Kate left the workshop with the intention of experimenting, and when an opportunity to attend a professional training session near her mother’s home presented itself, she decided it was time to try deep listening with her. She made arrangements to stay for ten days, her longest visit with her mother since she’d left for college.

Now, Kate really listened during their time together. As we’d practiced, she listened inwardly to her own tension without judgment when she felt resistance, then reopened to whatever her mother was saying. In the same way, when she felt unimportant, impatient, bored, or judgmental, she brought mindfulness and kindness to her own experience. By doing so, she was able to bring that same open and clear space of presence to her mother.

Kate admitted that at first, it was hard. “I had a panicky sensation,” she told me. “It was like I would drown if I didn’t get away, if I didn’t find a way to have some of my own space. She takes up so much room!”

Yet, Kate found that if she kept a sense of humor about it, she could breathe, forgive her own reactions, and keep coming back. Then she would coach herself to deepen her presence: “Now … what is happening? My mother is talking, and I am quiet. There is endless time. I hear it, every word. And what is beyond the word? . . . I hear who she is.”

As Kate listened for what was behind her mother’s words, it got easier for her. She began to hear desperation, as if her mother was insisting over and over, “I’m here, I matter.” Taking in her mother’s pain, Kate felt her heart soften with care.

Through her own quiet, steady presence, Kate communicated, “You are here, you matter.” And her mother started to relax. Kate knew this, because there were longer pauses between the stories and commentary—her mother sat back more in her chair, looked out the window, slowed down, and seemed more reflective.

Several days before Kate was scheduled to leave, her mother began to tell her that she felt alone and unappreciated. Kate was able to respond with sincerity, gentleness, and honesty. “Mom,” she said, “it’s because you don’t listen to people.”

Her mother froze, but to Kate’s surprise, didn’t get defensive. Kate had been so truly present, and had offered such uncritical sympathy, that a trust had emerged—this was not an attack, but a caring reflection of truth.

Her mother wanted to know more: “Please tell me, I need to know.” And Kate told her. She explained how it had been for her sister, for their dad, and now, for her step-dad. “When you don’t listen, people feel like they don’t matter, that they’re not known. And it’s true—you can’t know them if you don’t listen. You can’t be close.”

Audrey looked at her daughter with a sorrow and understanding that pierced Kate’s heart. And in that moment, something changed. Maybe the pain of alienation had broken through her defenses, or maybe this was simply her time, but Audrey started to listen.

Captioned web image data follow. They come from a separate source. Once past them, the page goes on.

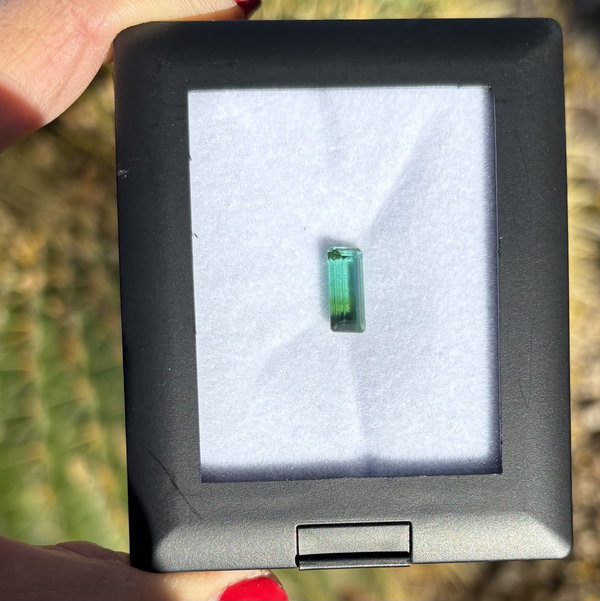 Closeup photo of 2.52ct Emerald Cut Bluish Green Bicolor Tourmaline 11.40x5.31x4.57mm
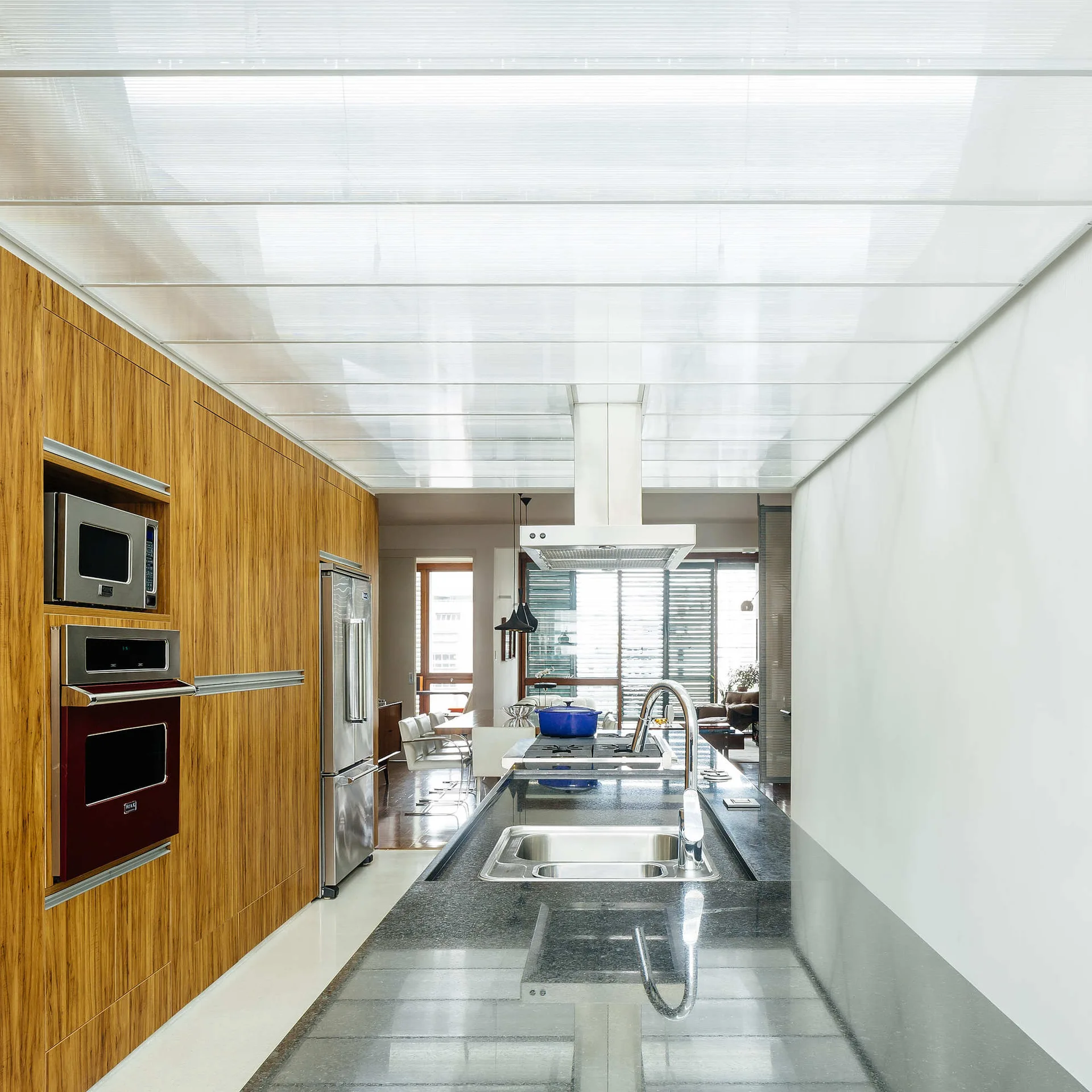 A modern kitchen featuring a long grey stone island with a sink, a full-height wood cabinetry wall, and a large backlit translucent ceiling panel.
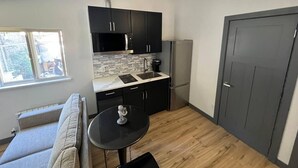 A compact kitchen with black cabinets, a countertop, and a refrigerator. There's a small table with a decorative item.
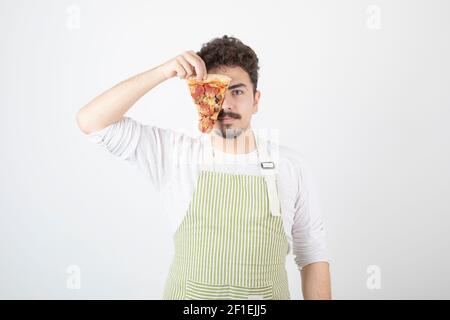 Image d'un cuisinier de sexe masculin montrant une tranche de pizza sur du blanc arrière-plan Banque D'Images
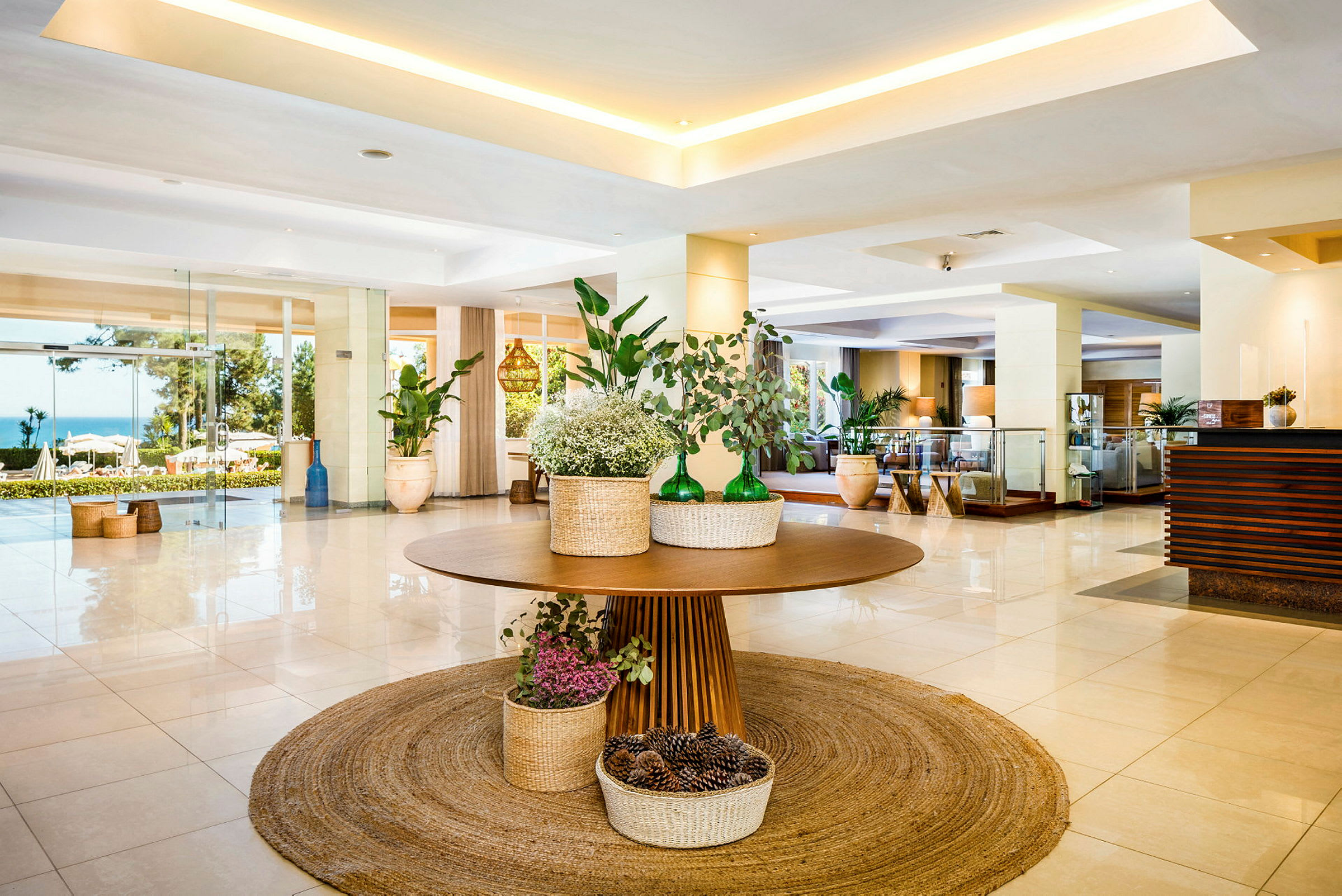 Hotellets lobby med et dekoreret bord med planter og kurve på et rundt tæppe. (AI-genereret tekst)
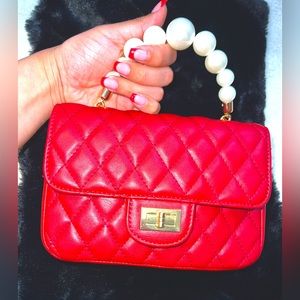Red crossbody purse with pearls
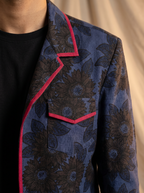 Boys navy blue sunflower shacket — close-up of dark print and red piping detail on collar and pocket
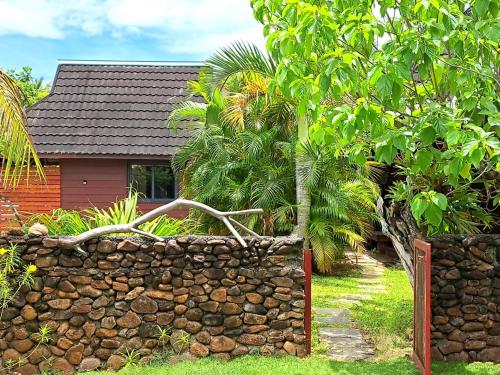 a stone fence in front of a house at MOOREA - Bungalow Moekea Lagoon in Hauru
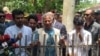 Nobel laureate and chief adviser of Bangladesh's new interim government, Muhammad Yunus (C) visits slain Abu Sayeed's house, who was killed by police during the anti-quota protests, in Rangpur on Aug. 10, 2024. 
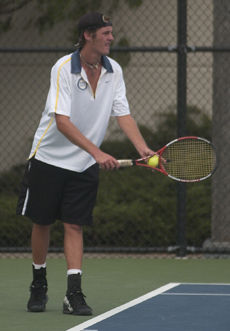 Monte Tucker prepares to serve during practice at the Atkins Tennis Center on Tuesday. Nick Kohout
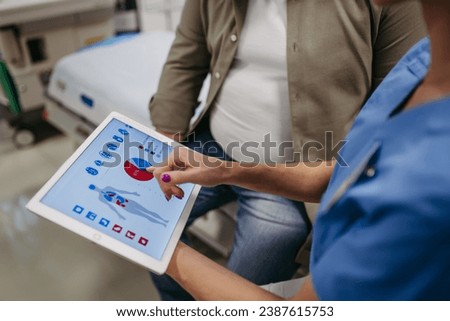 Close up of female doctor consulting with overweight patient, discussing test result in doctor office. Showing medical report on tablet. Obesity affecting middle-aged men's health. Concept of health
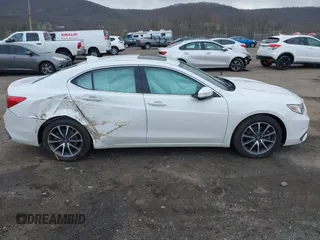 2019 Acura TLX z VIN 19UUB3F33KA007148, wystawiony jako IAAI lot #41889013 z przebiegiem 97 654 mil mil oraz . Historia ofert i sprzedaży dostępna na DreamBid. Obrazek 13.
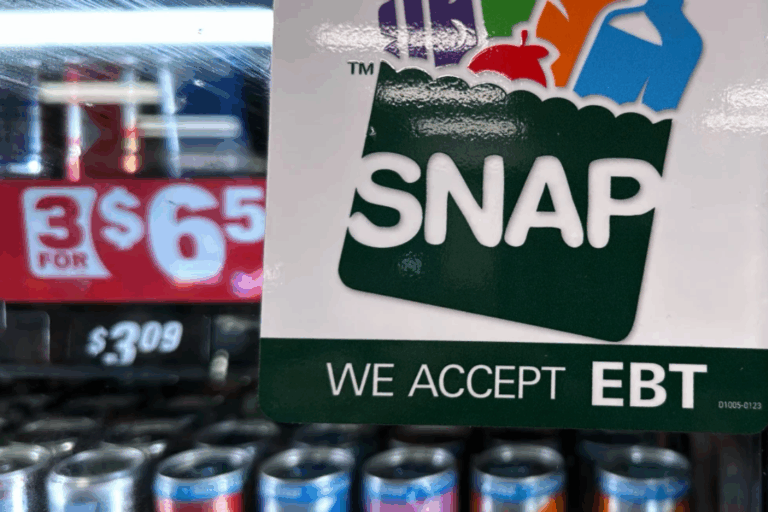 SNAP EBT information sign is displayed at a gas station in Riverwoods, Ill., Saturday, Nov. 1, 2025. (AP Photo/Nam Y. Huh, file)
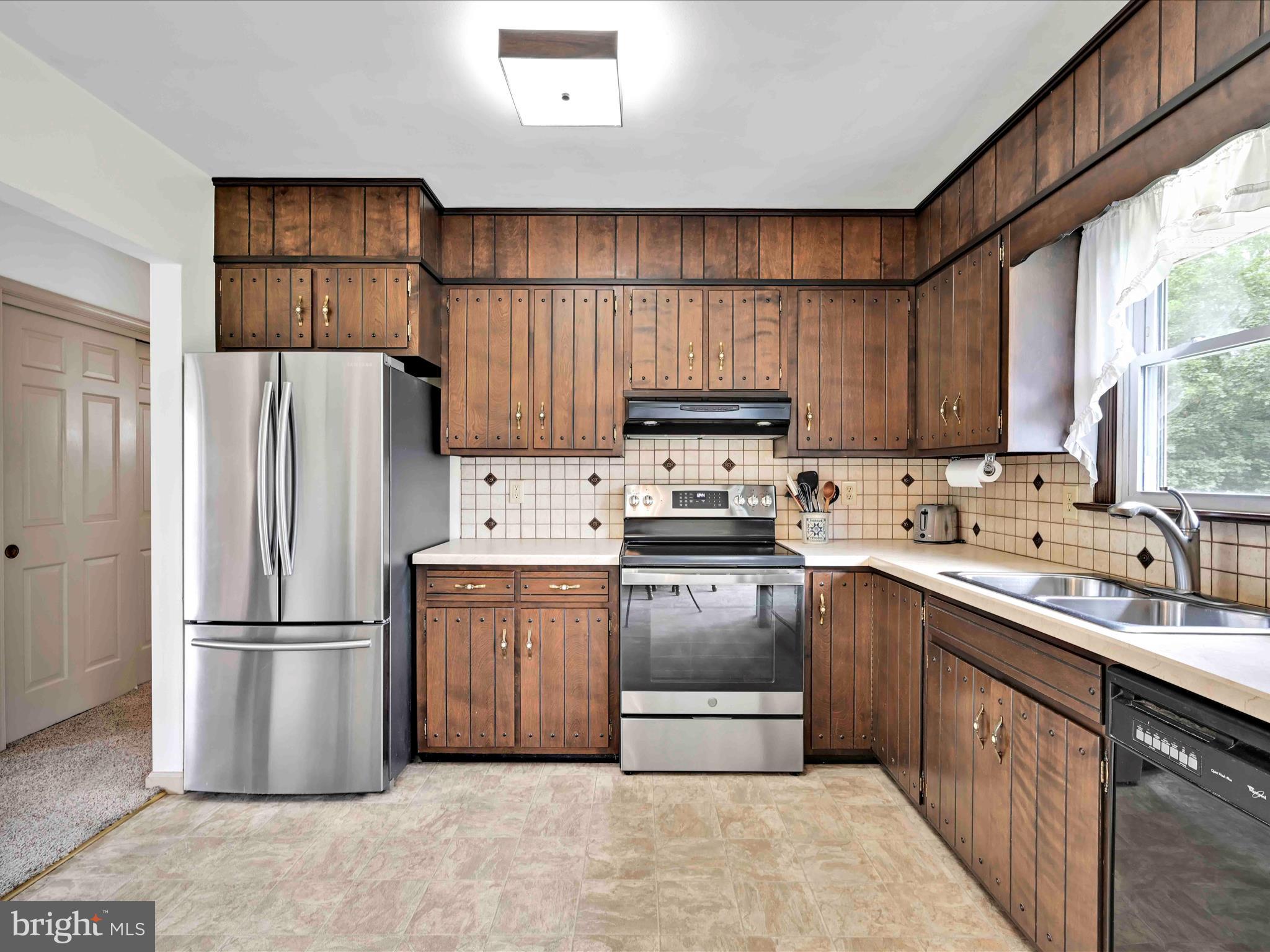 301 Owl Hill Road Lititz, PA 17543 - Photo 9 of 35 a kitchen with a refrigerator sink and wooden cabinets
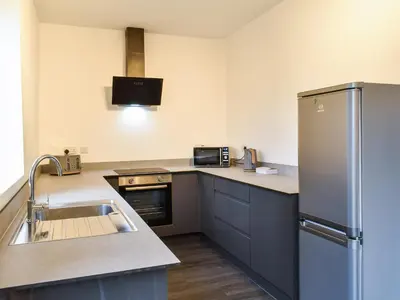 a kitchen with a stainless steel refrigerator and a sink at Excalibur Cottage in Saint Annes on the Sea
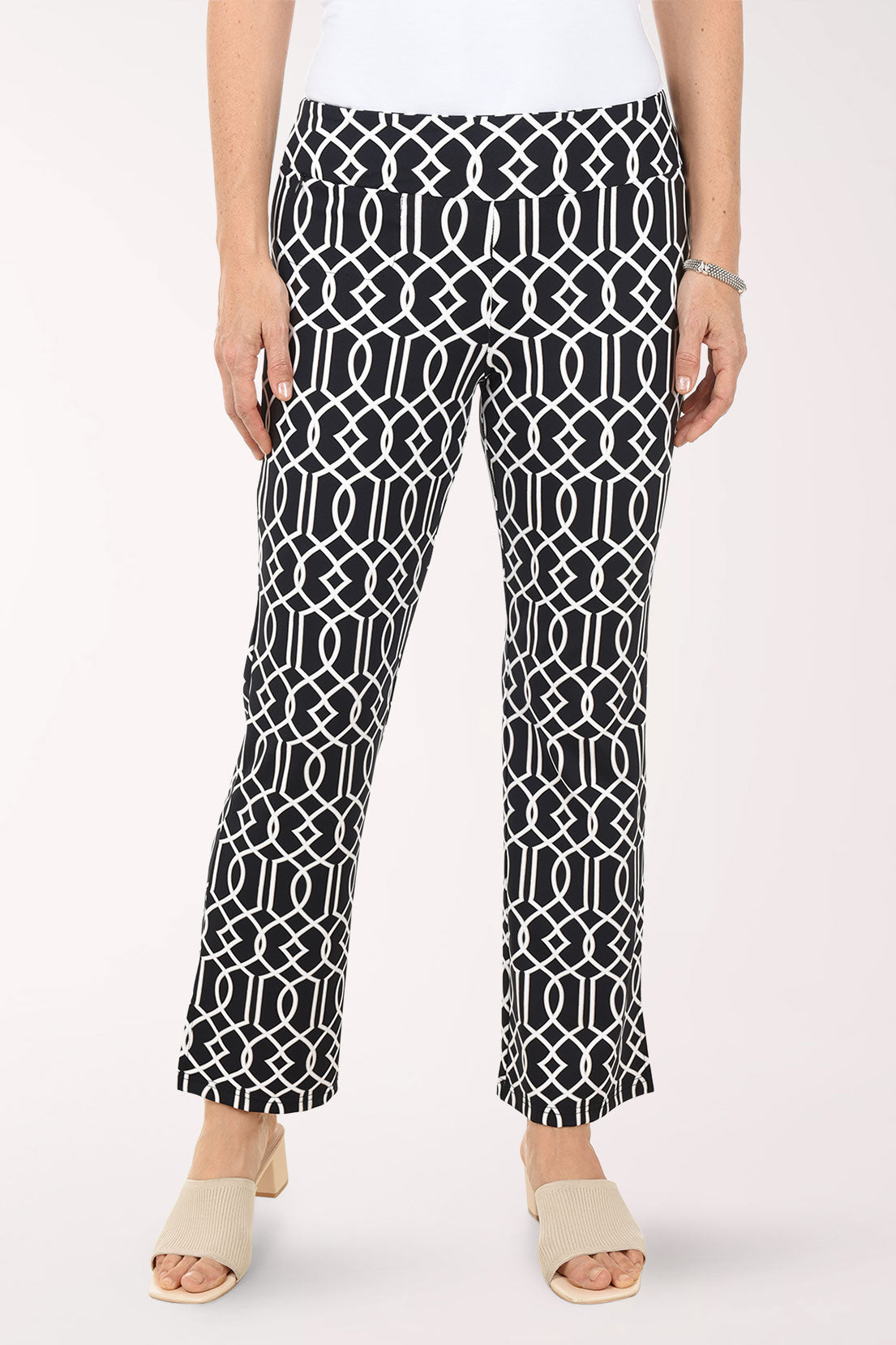 Person wearing black and white patterned pants on a white background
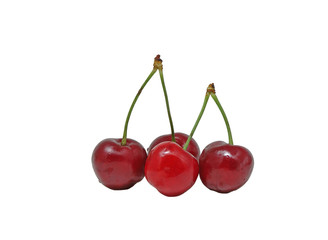 Fototapeta na wymiar Four fresh cherries with waterdrops against white background.
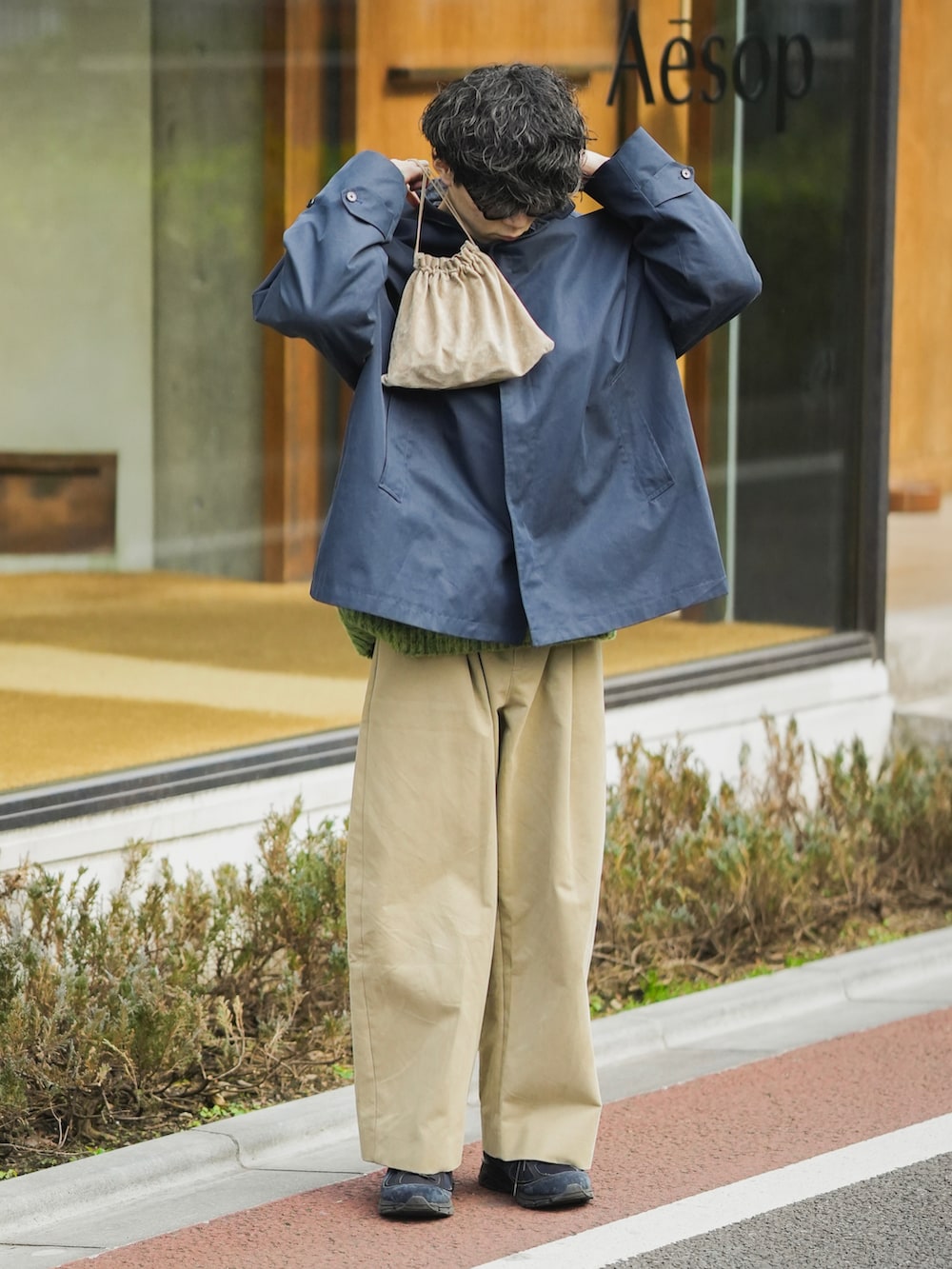 ブルー系のステンカラーコート、ベージュ系のショルダーバッグ、ベージュ系のチノパンツを着用したメンズの秋コーディネートの3枚目の写真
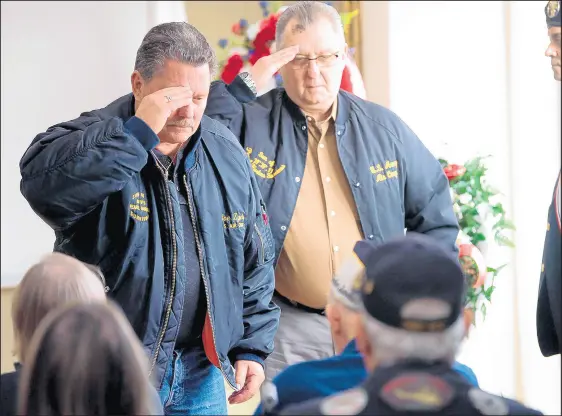  ?? KYLE TELECHAN/POST-TRIBUNE PHOTOS ?? Sons and Daughters of Pearl Harbor Survivors members Joe and Tony Zych salute Pearl Harbor survivor Jim DeWitt during the Pearl Harbor Remembranc­e Day Memorial Service on Saturday at Lincoln Center in Highland.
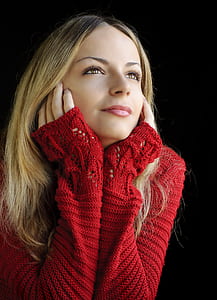 selective focus photography of woman in red knitted sweater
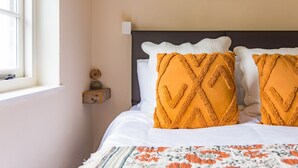A neatly made bed with white linens and two mustard-colored pillows, a small bedside table with a vase, and a framed picture on the wall. - Hearts Delight Cottage by Bloom Stays -  a holiday let that sleeps 4 guests  in 2 bedrooms (Canterbury)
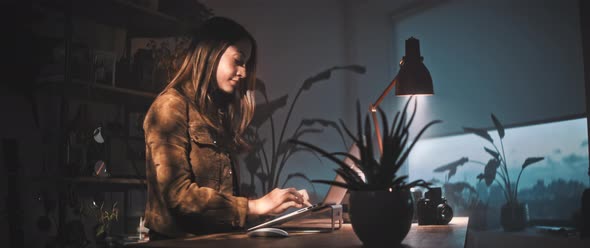 Woman types on laptop at desk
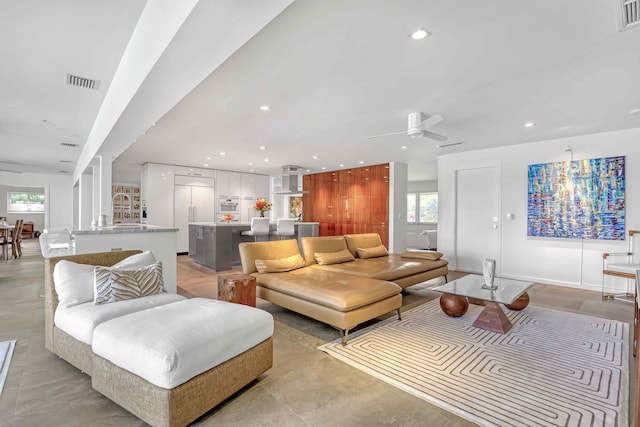 living room featuring plenty of natural light and ceiling fan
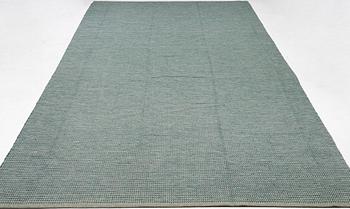 A "Dogtooth metallic green" carpet, Vandra rugs, c. 562 x 265 cm.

Others noticed, too. After her sister’s next visit with her mother, she told Kate, “For the first time in my life I felt like I was a real person to her … that I existed!” The change was most poignant with Kate’s stepfather, who began to enjoy the long dinners and evening walks that had been abandoned shortly after their marriage.

Audrey was no longer speaking to demand the world’s attention. She was speaking and listening in order to belong with other people, to share their lives. Because Kate had listened and let her heart be touched, her mother’s fountain had begun to unclog. Her life could once again flow from its source.